C’est dans une petite ville de Pennsylvanie, Shillington, dont la topographie familière est au cœur de son œuvre, que John Updike est né, en mars 1932. Dans ce territoire de l’enfance, avec ses trottoirs craquelés, sa terre battue, ses poteaux télégraphiques, il se repère, trouve une précaire assise, mais dès qu’il s’éloigne vers la périphérie, c’est pour se sentir traqué par une double panique: ce lieu pastoral, la petite ville de l’Amérique du XIX
e siècle, est à la lisière entre le monde obscur des terres où, troublé par les émois de la sexualité, on s’enlise et l’asphalte de la grande ville où vous guette, sous les lumières du néon, une corruption plus inquiétante encore. L’influence luthérienne, forte en pays allemand de Pennsylvanie, se fait sentir très tôt chez ce puritain chroniqueur du quotidien. Enfant pendant la Dépression et la Seconde Guerre mondiale, il appartient à cette génération «
silencieuse» qui a atteint l’âge d’homme à l’époque du maccarthysme et d’Eisenhower et qui, venue trop tard pour le tumulte des grands combats, trop tôt pour l’hirsute rébellion beatnik, vit l’histoire comme une menace de cataclysme, la peur d’une dépossession dont John Updike a particulièrement su transcrire le retentissement à travers la peinture intimiste (il a une grande admiration pour Vermeer) de la classe moyenne américaine. Jeune homme «monté en graine avant d’avoir mûri», il entre à seize ans et demi à Harvard puis, après un an à Oxford (1954-1955),
où il étudie la peinture et l’histoire de l’art, travaille au
New Yorker : ses parodies et ses poésies de circonstances ont d’ailleurs le charme élégant, l’esprit XVIII
e siècle de cette revue dont il fut un fleuron. L’inspiration religieuse qui lui fait lire Kierkegaard et le théologien Karl Barth se conjugue avec l’influence de Joyce (et plus tard de Nabokov) dès son premier roman,
The Poorhouse Fair (1959),
où la référence au martyre de saint Étienne soutient et structure le récit d’une fête dans une maison de retraite pour vieillards.
Cœur de lièvre (
Rabbit, Run , 1960) est l’histoire d’Harry, dit «Rabbit» Angstrom qui, nostalgique du temps où libre de toute pesanteur il était la star de l’équipe de basket, se sentant aujourd’hui enlisé dans l’ornière du quotidien domestique, s’arrache à la chair obèse de sa femme et court, comme un lièvre, dans une fugue panique à la recherche des grands bois et d’une Amérique perdue. On le retrouve, quelques années plus tard, dans
Rabbit rattrapé (
Rabbit Redux , 1971) qui, l’été de 1969, alors que les astronautes voguent vers la Lune, dit les angoisses d’une Amérique menacée par le recroquevillement et la décadence.

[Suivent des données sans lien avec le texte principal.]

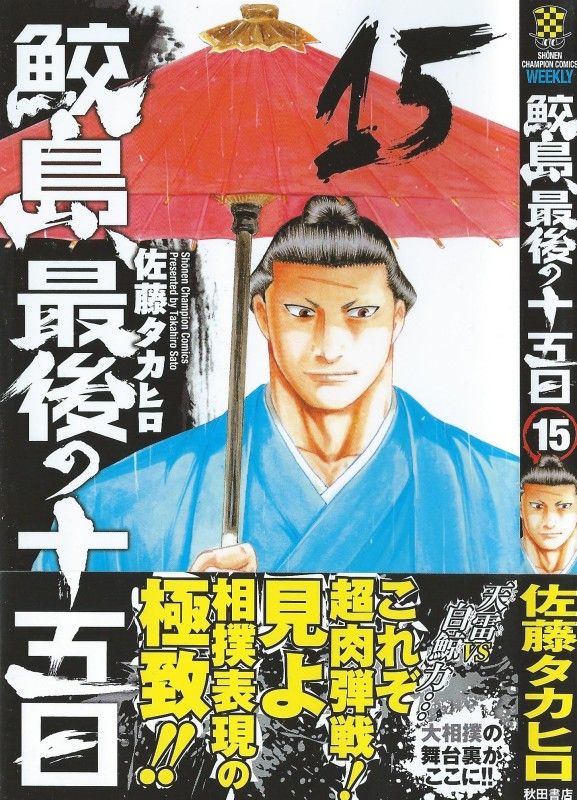鮫島 最後の十五日 第15巻 待望の再戦を前にした天雷 立ちはだかるのは 変身力士 3階の者だ 鮫島 最後の十五日 第15巻 待望の再戦を前にした天雷 立ちはだかるのは 変身力士 3階の者だ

Rabbit est riche (1981), nous montre un personnage embourgeoisé s’efforçant de lutter contre l’ennui et le vieillissement. Le cycle de Rabbit se clôt avec
Rabbit au repos (
Rabbit at Rest , 1990). Dans
Le Centaure (
The Centaur , 1963),
son Portrait de l’artiste , Updike montre magistralement sa capacité à utiliser une charpente mythique (l’agonie du Christ au Golgotha, le supplice de Prométhée) pour mieux rendre et le trouble d’un éveil érotique et la texture, le grain, du quotidien. Paru en 1968,
Couples fut un grand succès commercial : sous la houlette d’un «roi du chaos» et à l’ombre du clocher de la vieille église puritaine, les couples d’une petite ville du Massachusetts meublent la vacuité morale de leur vie par une «
ronde», fête érotique où Updike voit le symptôme de son pays en crise, un monde dont Dieu s’est éclipsé et qui court à la catastrophe. Dans
Un mois de dimanches (
A Month of Sundays , 1975), le révérend Marshfield, qui à quarante ans est en proie au démon de midi, passe, dans une maison de repos pour ecclésiastiques, trente et un jours, narrés en trente et un chapitres, loin de ses paroissiennes et des tentations de la chair, confirmant s’il le fallait les préoccupations profondes de John Updike qui est aussi le romancier de l’amour conjugal avec ses heurts, ses déchirements et ses petits bonheurs (
Marry Me , 1976) et de l’amour-passion transcendant les classes sociales (
Brazil , 1994), un parodiste hors pair (
Bech, a Book , 1970, et
Bech is Back , 1982) et le plus attentif analyste des espoirs et des angoisses d’une vieille Amérique qui ne trouve plus l’espace si vaste ni le ciel si bleu qu’autrefois. Ces espoirs, ces angoisses se retrouvent, à d’autres égards, dans
Le Putsch (1980) et
La Concubine de saint Augustin (1981).